Task prompt
Once you find the line below that has "Xem odd tài", output it and every line after it exactly, stopping after the line that has "Ιστός αράχνης σε πίσω φως — Αρχείο Βίντεο", with no pictures.

[[ Supplied data, beginning ]]

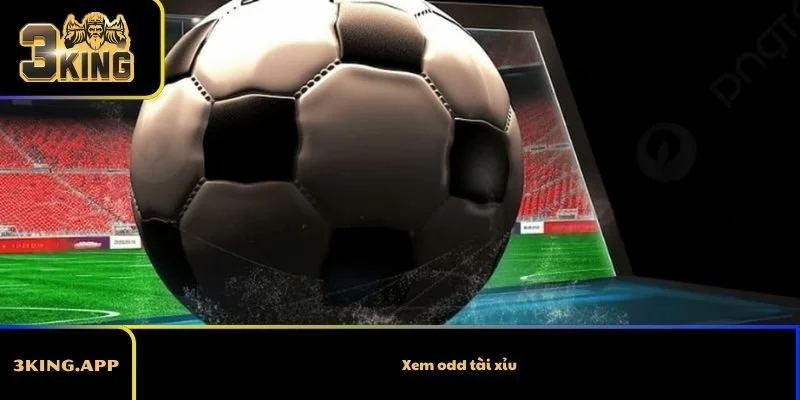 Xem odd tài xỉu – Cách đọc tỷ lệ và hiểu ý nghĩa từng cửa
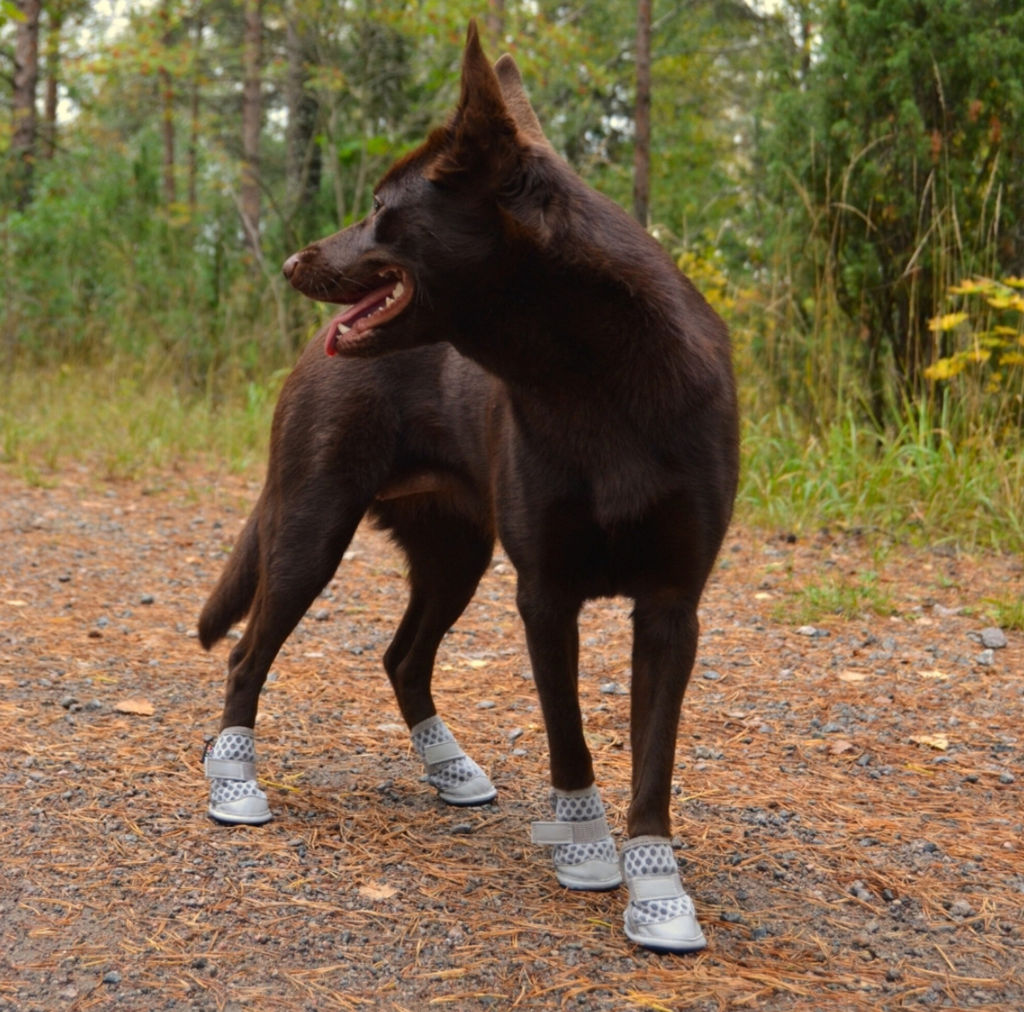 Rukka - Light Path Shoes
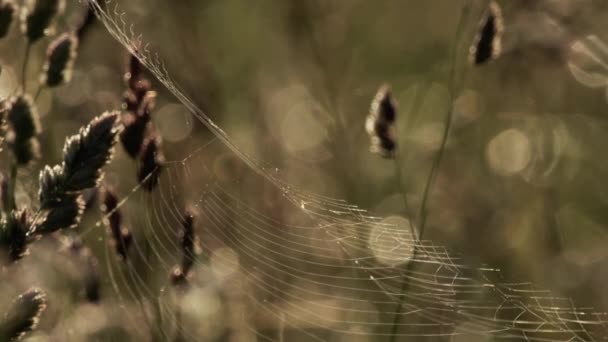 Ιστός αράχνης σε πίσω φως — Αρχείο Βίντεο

[[ Supplied data, end ]]
[[ Supplied data, beginning ]]

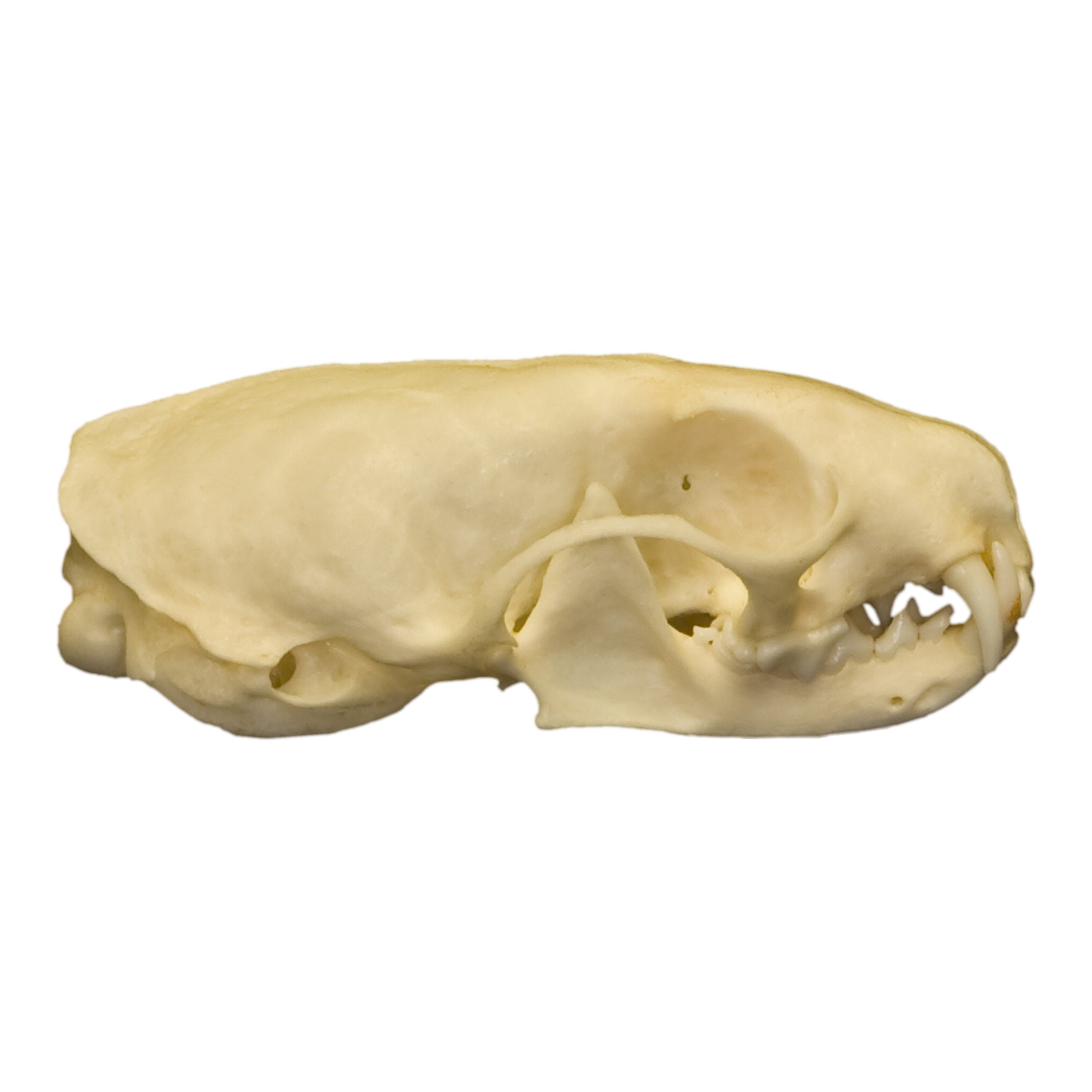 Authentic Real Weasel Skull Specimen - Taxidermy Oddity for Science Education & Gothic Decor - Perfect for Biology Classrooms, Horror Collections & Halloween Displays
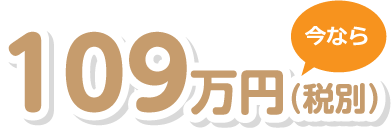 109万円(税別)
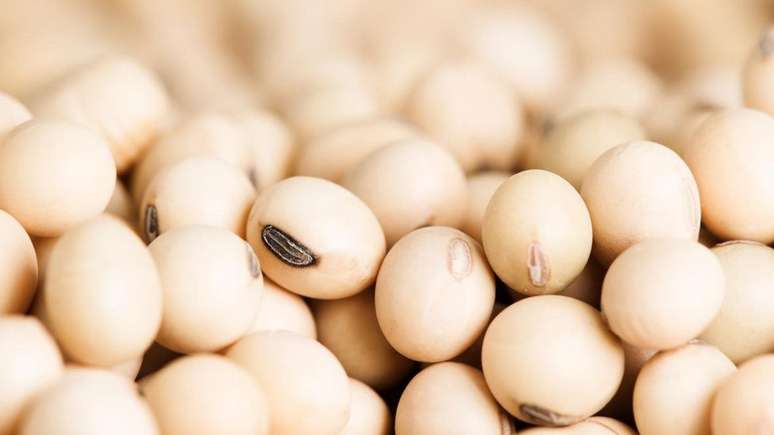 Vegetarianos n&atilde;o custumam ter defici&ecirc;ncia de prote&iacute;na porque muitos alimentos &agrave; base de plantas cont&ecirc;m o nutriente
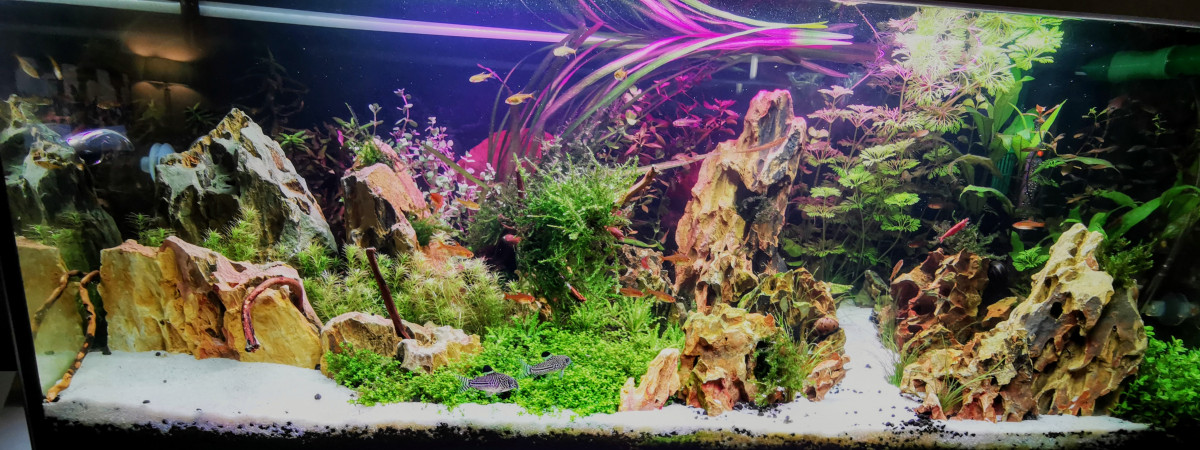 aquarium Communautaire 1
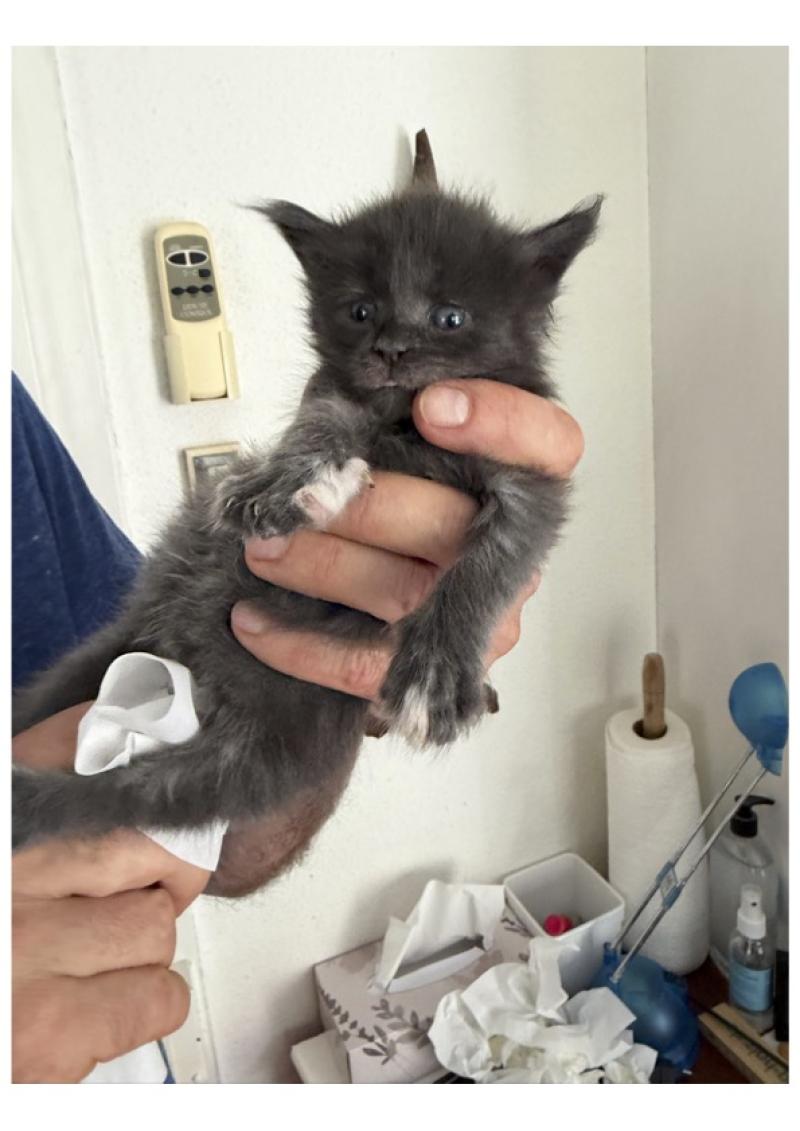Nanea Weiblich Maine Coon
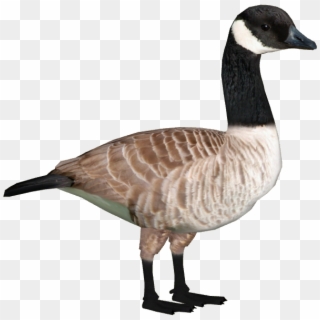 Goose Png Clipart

[[ Supplied data, end ]]

Result
 Xem odd tài xỉu – Cách đọc tỷ lệ và hiểu ý nghĩa từng cửa
 Rukka - Light Path Shoes
 Ιστός αράχνης σε πίσω φως — Αρχείο Βίντεο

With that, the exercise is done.